Budget promise on HS3 will be taking the highest cost option for another white elephant.

As reported in The Independent on Sunday, Chancellor George Osborne intends to put more meat on the bones of the HS3 plans he first raised in June last year in his budget statement, in what he hopes will be a potential vote winner in the upcoming election. However, whilst he may claim that better Transpennine links are essential to create a ‘northern powerhouse’, the reality is that the current £440m project to electrify the current Transpennine link via Huddersfield was put on hold by Network Rail “Pending clarification of the project’s scope by the Department for Transport”  (Download, Row 16, Column M) last week, with only 4% of the project completed.

In addition, the DfT will launch a business case for HS3, in response to previous statements from Stop HS2, that HS3 has “No plan, no route, no budget and no timescale”.

Electrification of the Transpennine route had been due to be complete by 2018 at a cost of £290m when Mr Osborne announced it in his 2011 Autumn Statement (See overlap of pages 31-32): , but a Network Rail report last November put the completion date back three years to 2021, with the cost spiralling to £440m. In his budget statement, The Chancellor is expected to put the cost envelope of the Trasnpennine HS3 at £7-10bn.

ARUP say it will cost just £110m for a new Trans-Pennine route by reopening Skipton-Colne. (The Todmorten Curve is due to reopen this year)

ARUP say it will cost just £110m for a new Trans-Pennine route by reopening Skipton-Colne. (The Todmorten Curve is due to reopen this year)

Additionally, a report from consultants ARUP showed the 11 miles missing between Skipton and Colne could be restored with four tracks at a cost of £110m, creating a new Transpennine link, whilst reopening the Woodhead Tunnel linking Manchester and Sheffield could cost less than half a billion, and according to The Northern Way, would bring £10bn of benefits to the economy.

Stop HS2 Campaign Manager Joe Rukin said:

“As part of a pre-election gimmick, the chancellor is going to re-announce HS3, in the same way HS2 was re-announced just before the last election. Whilst we have always said the way to create a Northern Powerhouse is to spend the money in the North instead of blowing well over the official £50bn budget on HS2 and sucking more economic activity to London, like HS2, HS3 is the highest cost option on a white elephant which delivers the least benefit for the travelling public, but the most benefit to those with vested interests in building it.”

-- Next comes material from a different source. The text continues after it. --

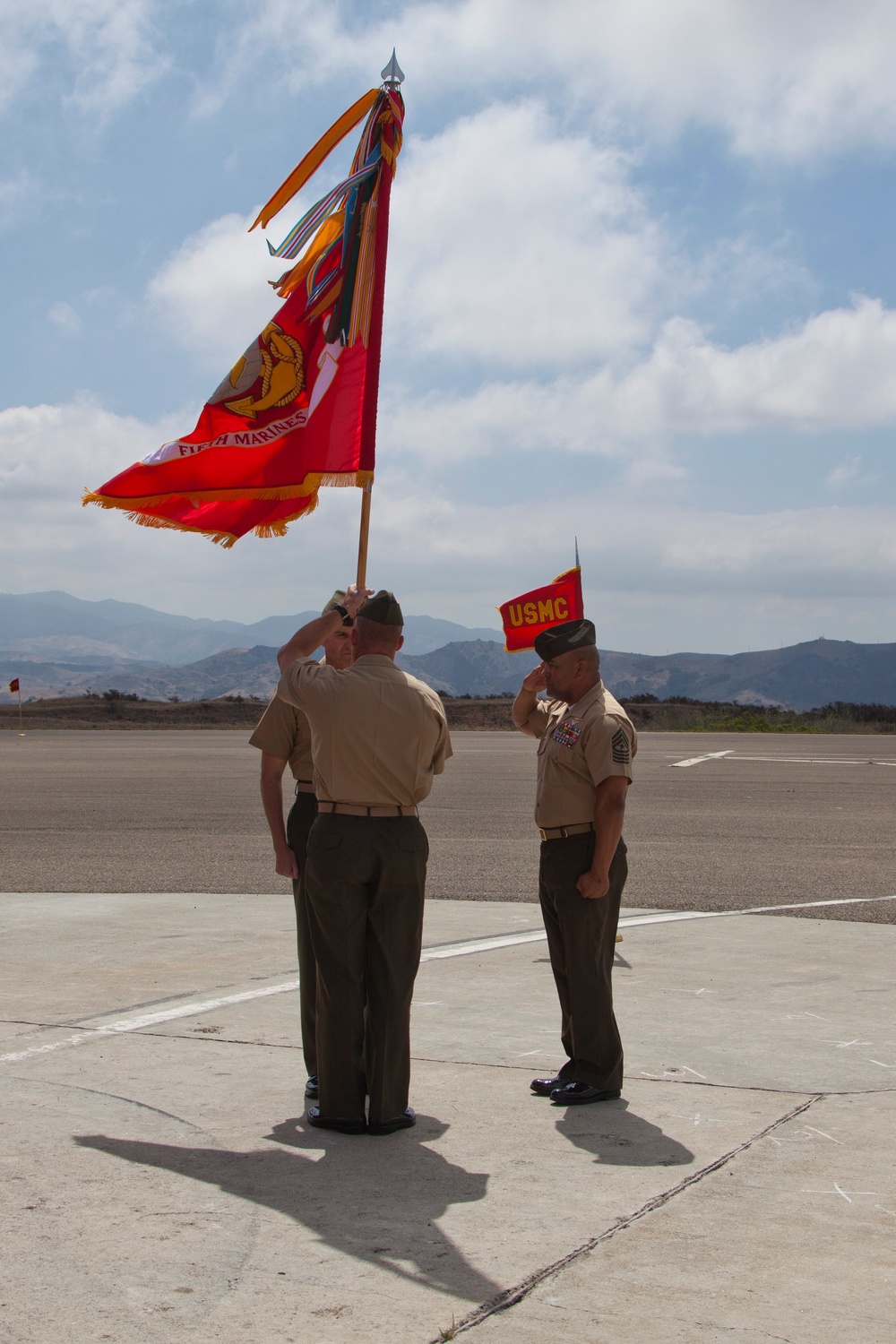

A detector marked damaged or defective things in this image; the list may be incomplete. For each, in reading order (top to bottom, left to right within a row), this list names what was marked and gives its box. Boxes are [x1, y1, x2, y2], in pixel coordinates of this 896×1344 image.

crack in concrete [429, 1097, 822, 1339]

“The Chancellor is talking about spending £7-10bn on one fast railway line which will only benefit the richest who can afford to use it, and wait for it to happen. For just £1bn, you could have not only the electrification which he promised it four years ago, which had been delayed and is now on hold, but also you could have another two brand new reopened links across the Pennines, which would give the capacity for both passengers and freight and  deliver more benefits to more people more quickly for less money. It is amazing in supposed times of austerity that a Chancellor is advocating the least benefit, most cost option when so much more can be done, quicker, for less money.”

Penny Gaines, chair of Stop HS2 said:

“Numerous council and business leaders have said they want better transport links in the North more than HS2.  But the Government appears to be picking a single showy vanity project rather than looking to see if a variety of improvements which could be brought in more quickly than HS3.” 

“While £7billion or £10 billion on HS3 does not sound like much compared to £50billion on HS2, the expected HS2 costs has increased massively over the last 5 years and simultaneously descoped. Originally Phase 2 was going to include Liverpool, but that was ditched even earlier than the HS2 links to Heathrow and the Continent.”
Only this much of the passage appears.